Through the mists of the Ethereal Plane shines the Radiant Citadel. Travelers from across the multiverse flock to this mysterious bastion to share their traditions, stories, and calls for heroes. A crossroads of wonders and adventures, the Radiant Citadel is the first step on the path to legend. Where will your journeys take you?

Journeys through the Radiant Citadel is a collection of thirteen short, stand-alone D&D adventures featuring challenges for character levels 1–14. Each adventure has ties to the Radiant Citadel, a magical city with connections to lands rich with excitement and danger, and each can be run by itself or as part of an ongoing campaign. Explore this rich and varied collection of adventures in magical lands.
  • Thirteen new stand-alone adventures spanning levels 1 to 14, each with its own set of maps
  • Introduces the Radiant Citadel, a new location on the Ethereal Plane that connects adventurers to richly detailed and distinct corners of the D&D multiverse
  • Each adventure can be set in any existing D&D campaign setting or on worlds of your own design
  • Introduces eleven new D&D monsters
  • There’s a story for every adventuring party, from whimsical and light to dark and foreboding and everything in between


Slated for June 21st (update - I just got a press release which says it's June 21st "in North American stores"; I'm not sure what that means for the rest of us!), it's a 224-page adventure anthology featuring a floating city called the Radiant Citadel. The book is written entirely by people of colour, including Ajit George, who was the first person of Indian heritage to write Indian-inspired material for D&D (in Van Richten's Guide to Ravenloft). Around 50 POC writers were involved in total in various ways.

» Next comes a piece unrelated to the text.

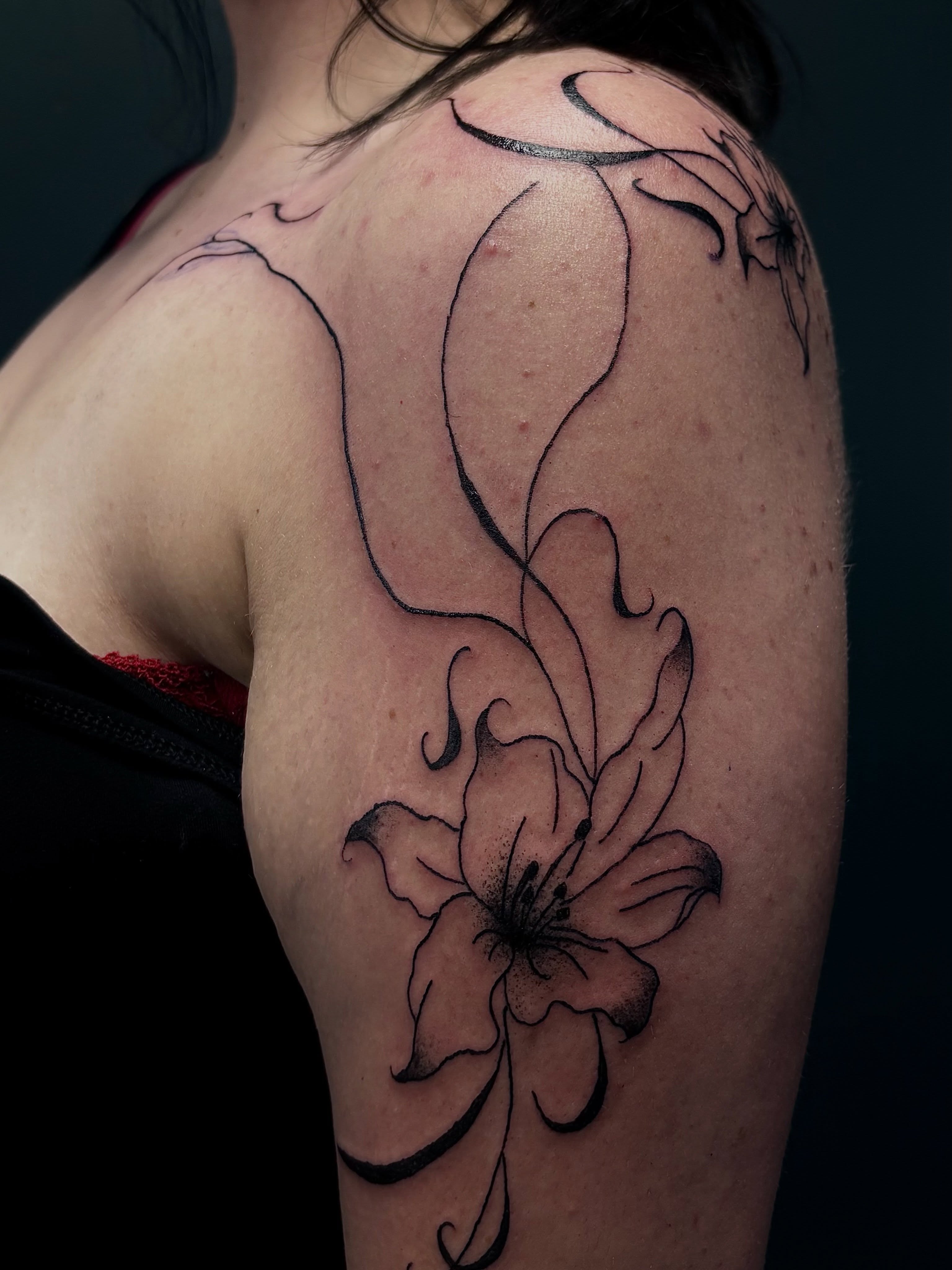 Tattoo by @inkednlashed_ — black_and_grey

The Radiant Citadel is on the ethereal plane and is carved from the giant fossil of an unknown monster. A massive gemstone called the Royal Diamond sits at the core, surrounded by a bunch of smaller Concord Jewels, which are gateways to the Citadel's founding civilizations. DMs can link any world to the citadel by placing a Concord Jewel there.

The Citadel, unlike many D&D locations, is more of a sanctuary than a place of danger. The book's alternate cover features a Dawn Incarnate, a creature which is the embodiment of stories and cultures.

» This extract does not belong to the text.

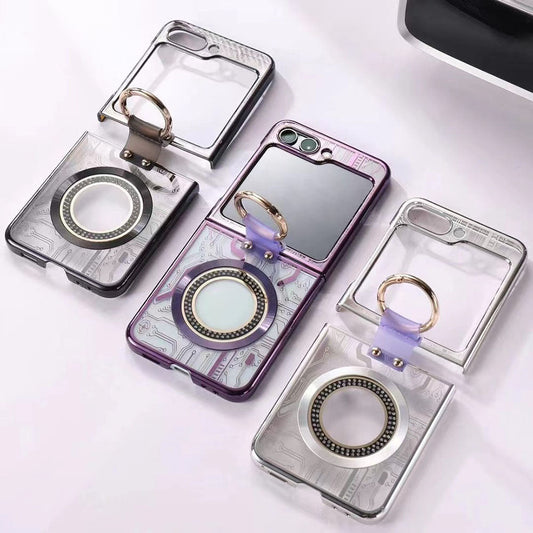 Cyberpunk Magnetic Wireless Charging Phantom Ring Case For Samsung Galaxy Z Flip5 Flip4 Flip3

The adventures are as follows:
  • Salted Legacy
  • Written In Blood
  • The Fiend of Hollow Mine
  • Wages of Vice
  • Sins of Our Elders
  • Gold for Fools and Princes
  • Trail of Destruction
  • In the Mists of Manivarsha
  • Between Tangled Roots
  • Shadow of the Sun
  • The Nightsea’s Succor
  • Buried Dynasty
  • Orchids of the Invisible Mountain
UPDATE -- the press release contains a list of some of the contributors: "Justice Ramin Arman, Dominique Dickey, Ajit A. George, Basheer Ghouse, Alastor Guzman, D. Fox Harrell, T.K. Johnson, Felice Tzehuei Kuan, Surena Marie, Mimi Mondal, Mario Ortegón, Miyuki Jane Pinckard, Pam Punzalan, Erin Roberts, Terry H. Romero, Stephanie Yoon, and many more."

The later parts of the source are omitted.